Recorded data
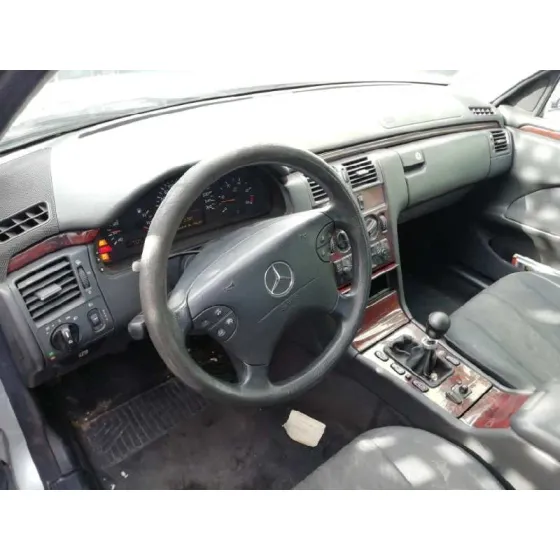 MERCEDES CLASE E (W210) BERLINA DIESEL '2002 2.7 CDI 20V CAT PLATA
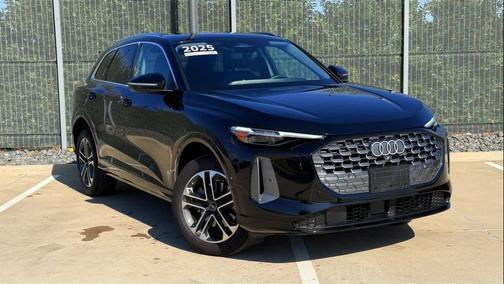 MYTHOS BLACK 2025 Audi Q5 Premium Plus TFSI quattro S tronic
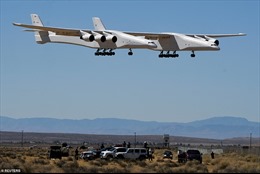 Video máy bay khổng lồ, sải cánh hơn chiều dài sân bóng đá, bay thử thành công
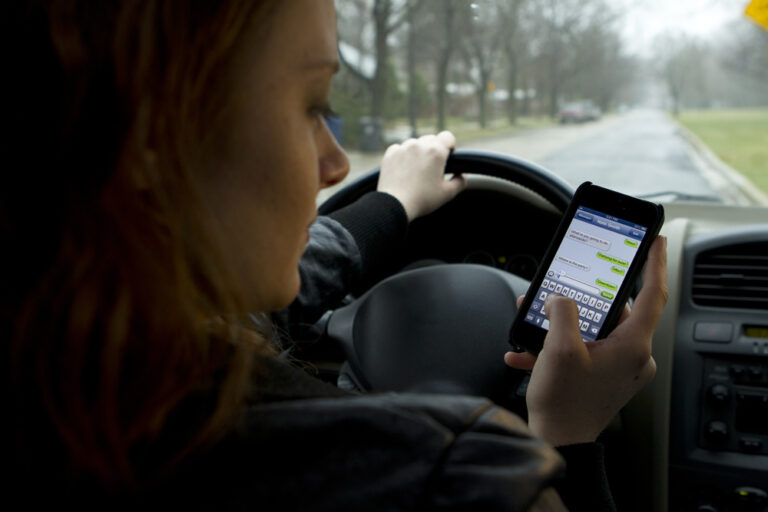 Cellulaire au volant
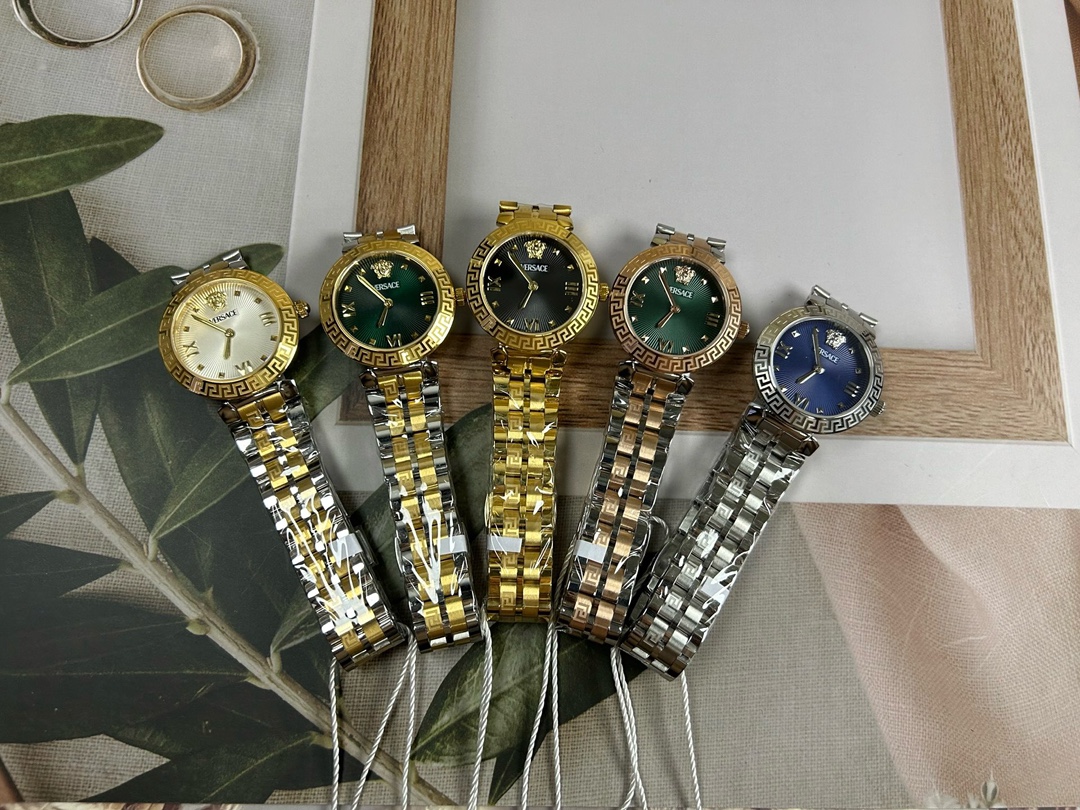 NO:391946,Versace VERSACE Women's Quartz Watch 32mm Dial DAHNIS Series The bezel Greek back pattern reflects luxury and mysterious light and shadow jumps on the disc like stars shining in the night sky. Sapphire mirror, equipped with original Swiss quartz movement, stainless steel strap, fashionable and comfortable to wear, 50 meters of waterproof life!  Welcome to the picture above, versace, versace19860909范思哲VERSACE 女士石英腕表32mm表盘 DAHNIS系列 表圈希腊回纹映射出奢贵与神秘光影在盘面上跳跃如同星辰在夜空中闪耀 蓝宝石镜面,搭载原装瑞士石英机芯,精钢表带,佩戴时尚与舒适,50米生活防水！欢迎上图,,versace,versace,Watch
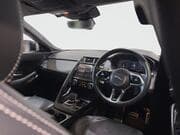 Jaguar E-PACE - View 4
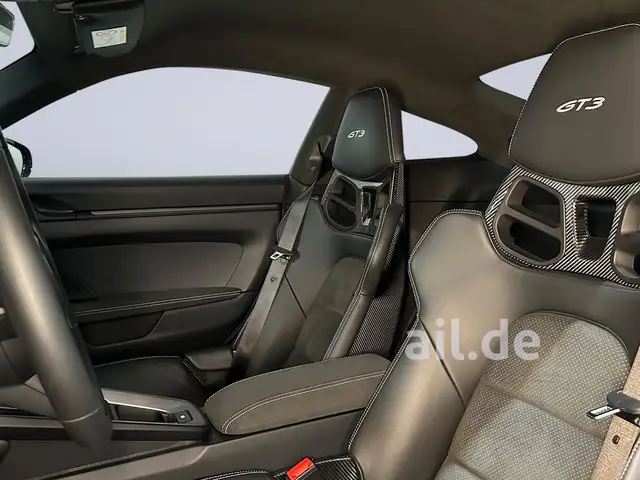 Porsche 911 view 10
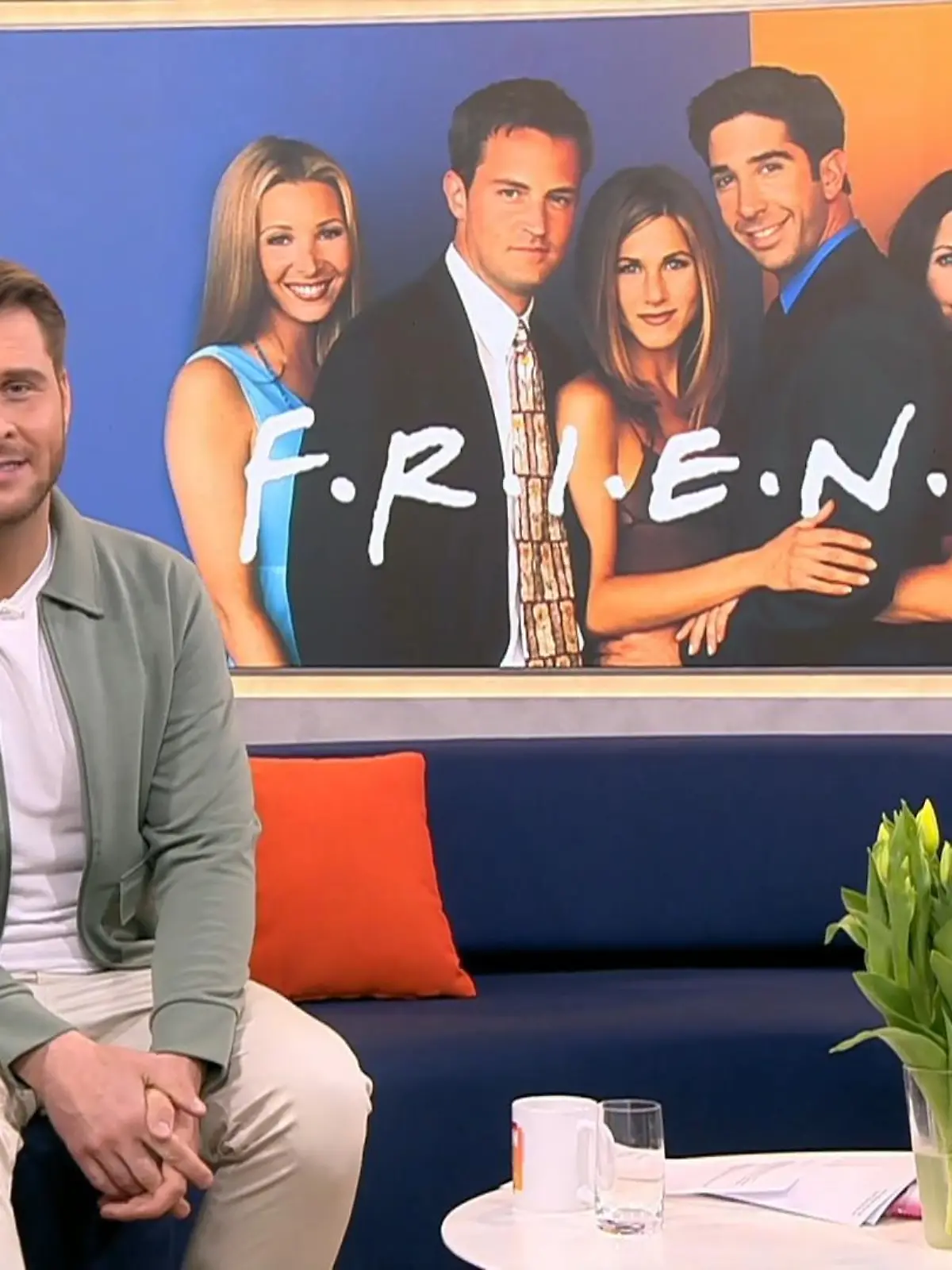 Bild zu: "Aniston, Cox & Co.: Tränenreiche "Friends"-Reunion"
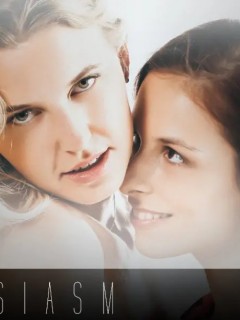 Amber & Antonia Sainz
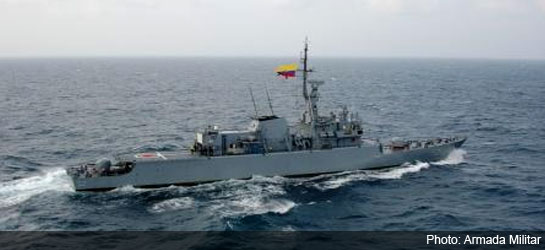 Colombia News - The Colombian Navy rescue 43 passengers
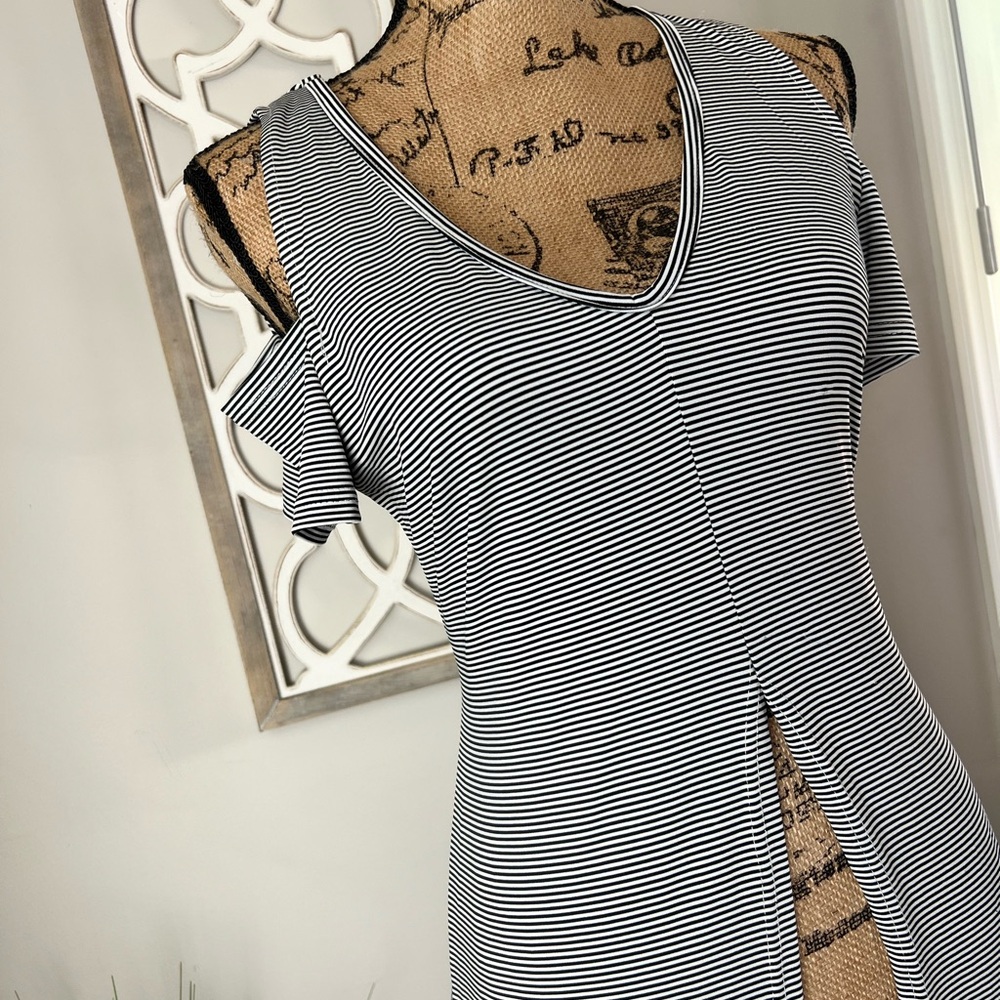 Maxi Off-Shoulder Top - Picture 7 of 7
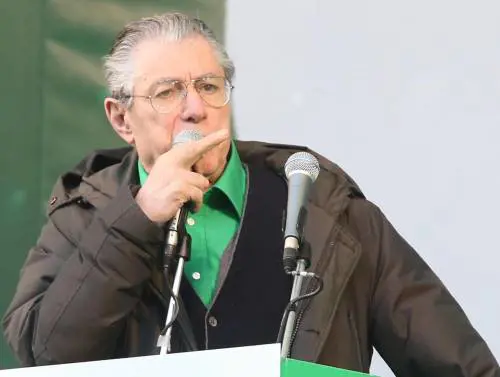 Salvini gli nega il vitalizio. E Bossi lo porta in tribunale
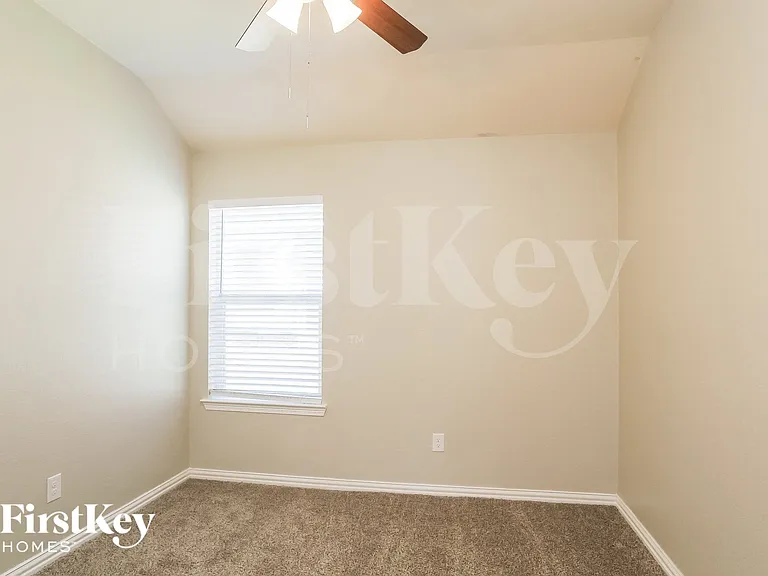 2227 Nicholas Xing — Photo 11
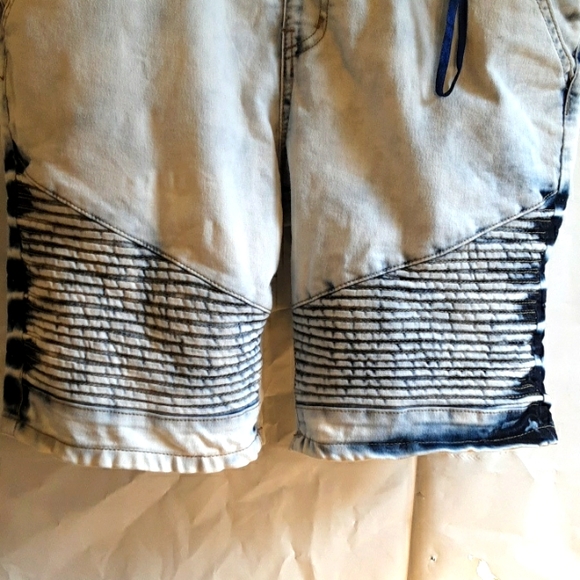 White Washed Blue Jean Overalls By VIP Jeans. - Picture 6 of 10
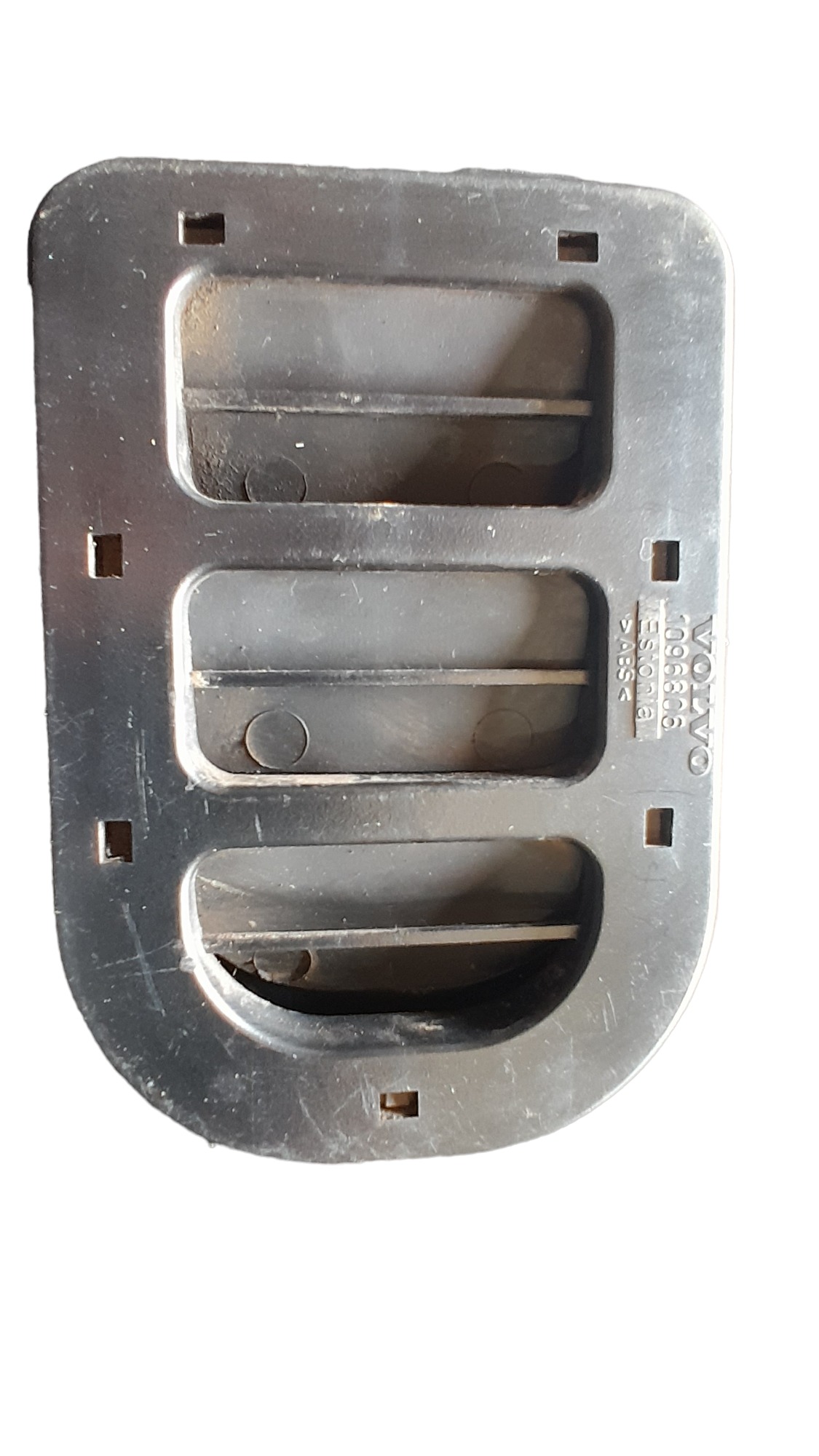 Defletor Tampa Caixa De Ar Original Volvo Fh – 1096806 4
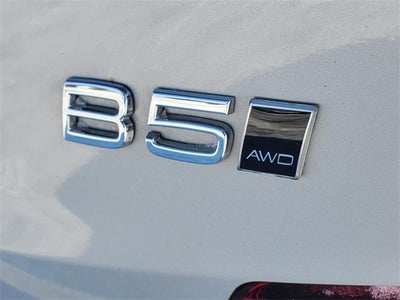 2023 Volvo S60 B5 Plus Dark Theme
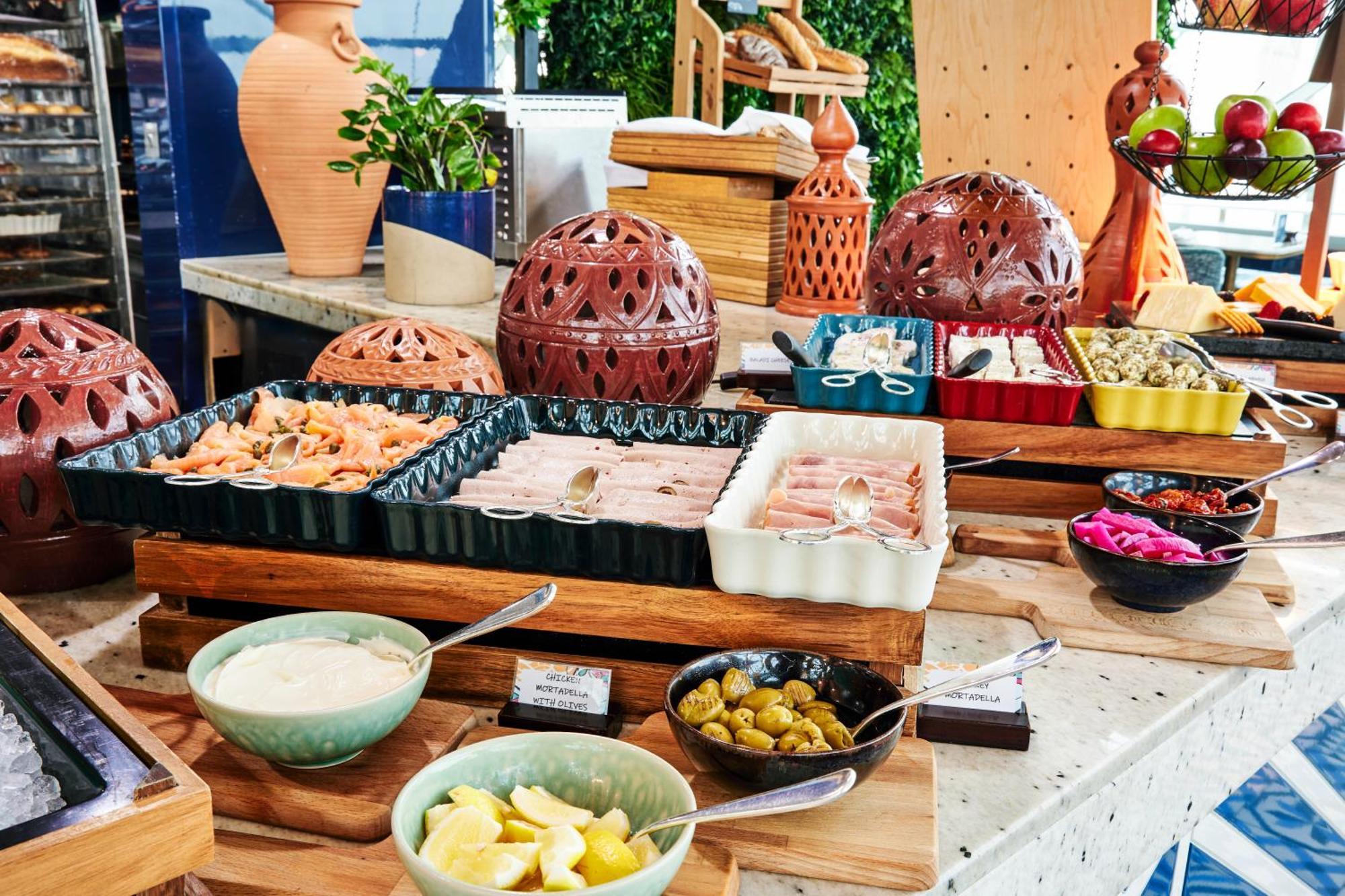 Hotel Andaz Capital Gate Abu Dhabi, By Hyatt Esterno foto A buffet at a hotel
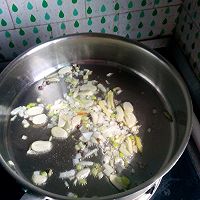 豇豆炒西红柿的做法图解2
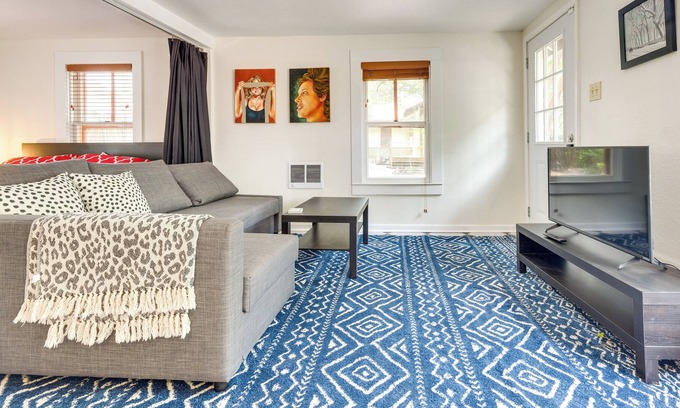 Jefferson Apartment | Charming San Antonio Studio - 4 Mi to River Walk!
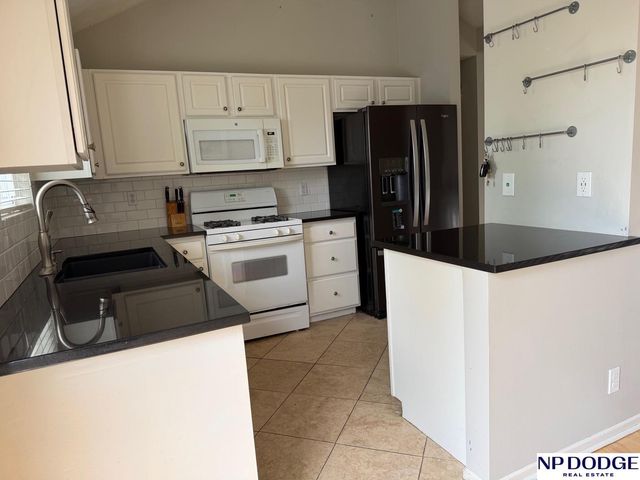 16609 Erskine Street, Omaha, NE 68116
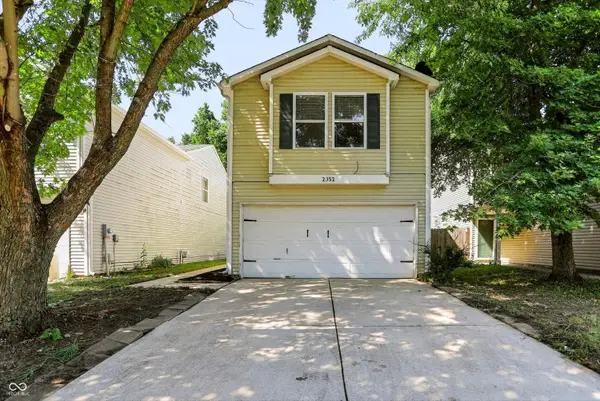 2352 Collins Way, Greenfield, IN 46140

About this task
Taking the entries above, extract every line from the one bearing "MYTHOS BLACK 2025" through the one bearing "16609 Erskine Street, Omaha, NE 68116", exactly, with no pictures.

Task response
 MYTHOS BLACK 2025 Audi Q5 Premium Plus TFSI quattro S tronic
 Video máy bay khổng lồ, sải cánh hơn chiều dài sân bóng đá, bay thử thành công
 Cellulaire au volant
 NO:391946,Versace VERSACE Women's Quartz Watch 32mm Dial DAHNIS Series The bezel Greek back pattern reflects luxury and mysterious light and shadow jumps on the disc like stars shining in the night sky. Sapphire mirror, equipped with original Swiss quartz movement, stainless steel strap, fashionable and comfortable to wear, 50 meters of waterproof life!  Welcome to the picture above, versace, versace19860909范思哲VERSACE 女士石英腕表32mm表盘 DAHNIS系列 表圈希腊回纹映射出奢贵与神秘光影在盘面上跳跃如同星辰在夜空中闪耀 蓝宝石镜面,搭载原装瑞士石英机芯,精钢表带,佩戴时尚与舒适,50米生活防水！欢迎上图,,versace,versace,Watch
 Jaguar E-PACE - View 4
 Porsche 911 view 10
 Bild zu: "Aniston, Cox & Co.: Tränenreiche "Friends"-Reunion"
 Amber & Antonia Sainz
 Colombia News - The Colombian Navy rescue 43 passengers
 Maxi Off-Shoulder Top - Picture 7 of 7
 Salvini gli nega il vitalizio. E Bossi lo porta in tribunale
 2227 Nicholas Xing — Photo 11
 White Washed Blue Jean Overalls By VIP Jeans. - Picture 6 of 10
 Defletor Tampa Caixa De Ar Original Volvo Fh – 1096806 4
 2023 Volvo S60 B5 Plus Dark Theme
 Hotel Andaz Capital Gate Abu Dhabi, By Hyatt Esterno foto A buffet at a hotel
 豇豆炒西红柿的做法图解2
 Jefferson Apartment | Charming San Antonio Studio - 4 Mi to River Walk!
 16609 Erskine Street, Omaha, NE 68116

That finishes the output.